# Launch Pandas

In [5]:
import pandas as pd

# prevent pandas from converting number to scientific
pd.set_option('display.float_format', lambda x: '%.3f' % x)

# Load house sales data

In [8]:
sales = pd.read_csv("home_data.csv", dtype={'zipcode': 'object'})

**Question 1**: Selection and summary statistics: We found the zip code with the highest average house price. What is the average house price of that zip code?

In [88]:
# lets first, find out the richest neighborhood in this county
sales.groupby('zipcode').price.mean().sort_values(ascending=False).reset_index().head(1)

Unnamed: 0,zipcode,price
0,98039,2160606.6


In [89]:
richest_neighborhood = '98039'

sales.loc[sales.zipcode == richest_neighborhood, 'price'].mean()

2160606.6

**Question 2**:
    1. first select the houses that have ‘sqft_living’ higher than 2000 sqft but no larger than 4000 sqft.

In [81]:
size = len(sales[(sales.sqft_living >= 2_000) & (sales.sqft_living <= 4_000)])

In [82]:
size/ len(sales) * 100

42.66413732475825

**Question 3**: What is the difference in RMSE between the model trained with `my_features` and the one trained with `advanced_features`?

In [69]:
import numpy as np

In [58]:
from sklearn.model_selection import train_test_split
from sklearn.lineaxr_model import LinearRegression
from sklearn.metrics import mean_squared_error

#### my features model

In [None]:
my_features = ['bedrooms', 'bathrooms', 'sqft_living', 'sqft_lot', 'floors', 'zipcode']

In [70]:
X = sales[my_features]
y = sales.price

X_train, X_test, y_train, y_test = train_test_split(X, y)

my_features_model = LinearRegression()

my_features_model.fit(X_train, y_train)

y_pred = my_features_model.predict(X_test)

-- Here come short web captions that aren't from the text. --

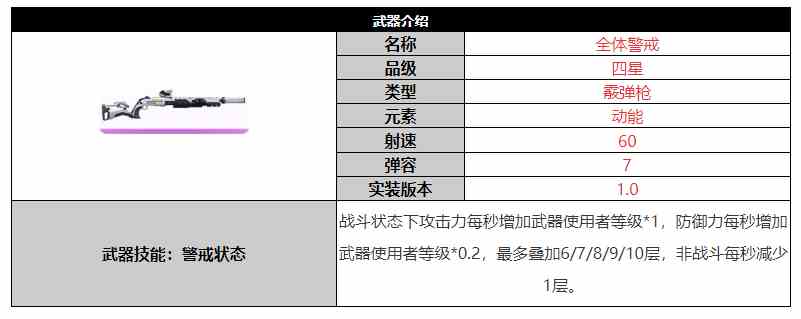 《尘白禁区》全体警戒武器介绍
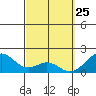 Laie Bay tide chart for Tuesday, March 25, 2025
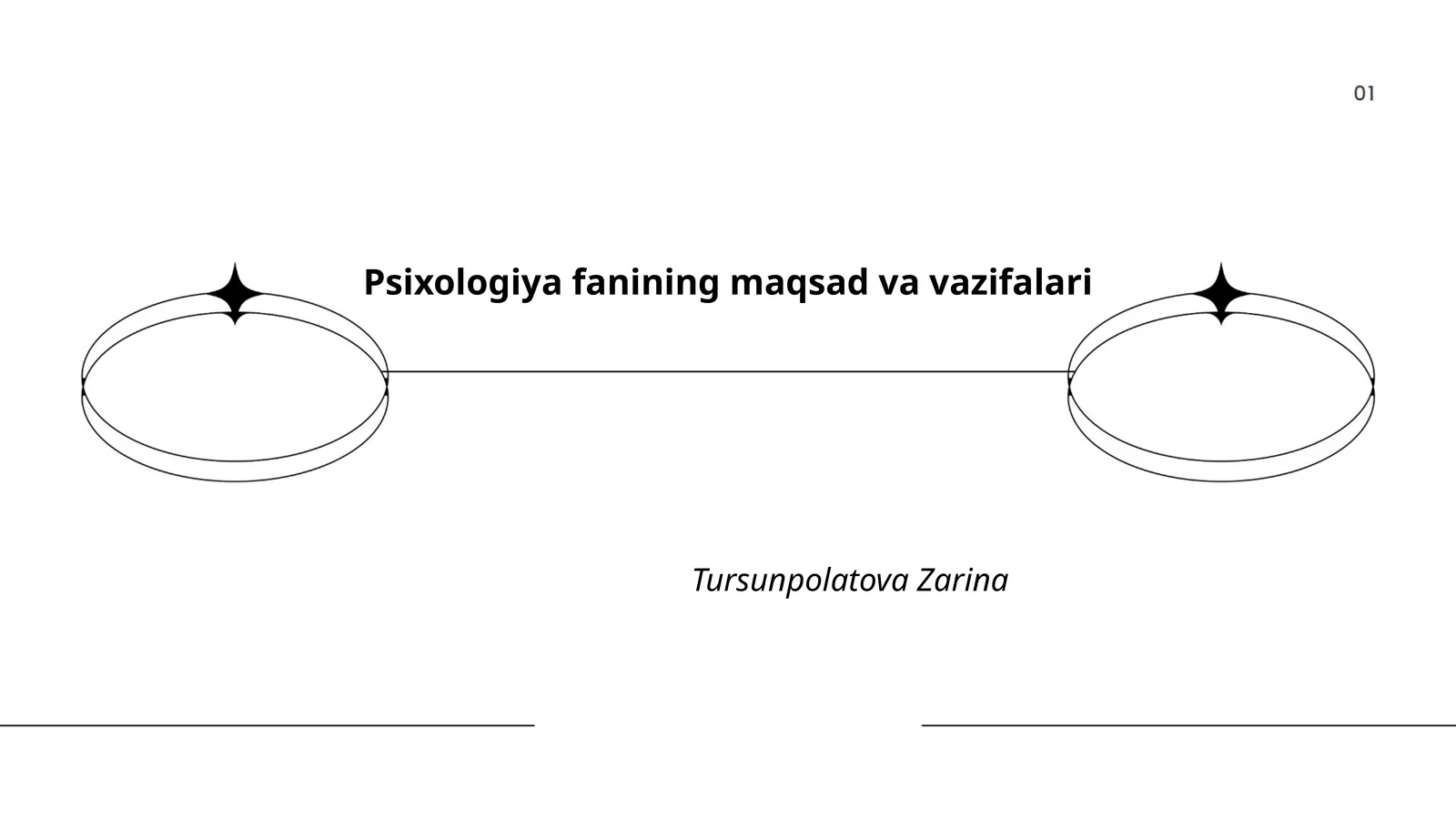 Psixologiya fanining maqsad va vazifalari
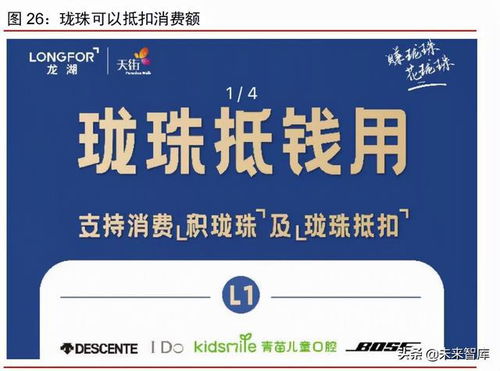 物業(yè)管理行業(yè)研究與投資策略 大脫鉤、大合流、大分化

np.sqrt(mean_squared_error(y_test, y_pred))

247811.3661432396

#### advanced features model

In [53]:
advanced_features = [
'bedrooms', 'bathrooms', 'sqft_living', 'sqft_lot', 'floors', 'zipcode',
'condition', # condition of house
'grade', # measure of quality of construction
'waterfront', # waterfront property
'view', # type of view
'sqft_above', # square feet above ground
'sqft_basement', # square feet in basement
'yr_built', # the year built
'yr_renovated', # the year renovated
'lat', 'long', # the lat-long of the parcel
'sqft_living15', # average sq.ft. of 15 nearest neighbors
'sqft_lot15', # average lot size of 15 nearest neighbors 
]

In [55]:
advanced_features_model = LinearRegression()

In [71]:
X = sales[advanced_features]
y = sales.price

X_train, X_test, y_train, y_test = train_test_split(X, y)

advanced_features_model = LinearRegression()

advanced_features_model.fit(X_train, y_train)

y_pred = advanced_features_model.predict(X_test)

np.sqrt(mean_squared_error(y_test, y_pred))

201638.59121433774

In [72]:
abs(247811.3661432396 - 201638.59121433774)

46172.77492890187

* Unfortunately, they hard coded this question. So (the right answer, as they calculated), is 25k, i.e. the `advanced_model` rmse is 25k lower than the `my_feaures_model`.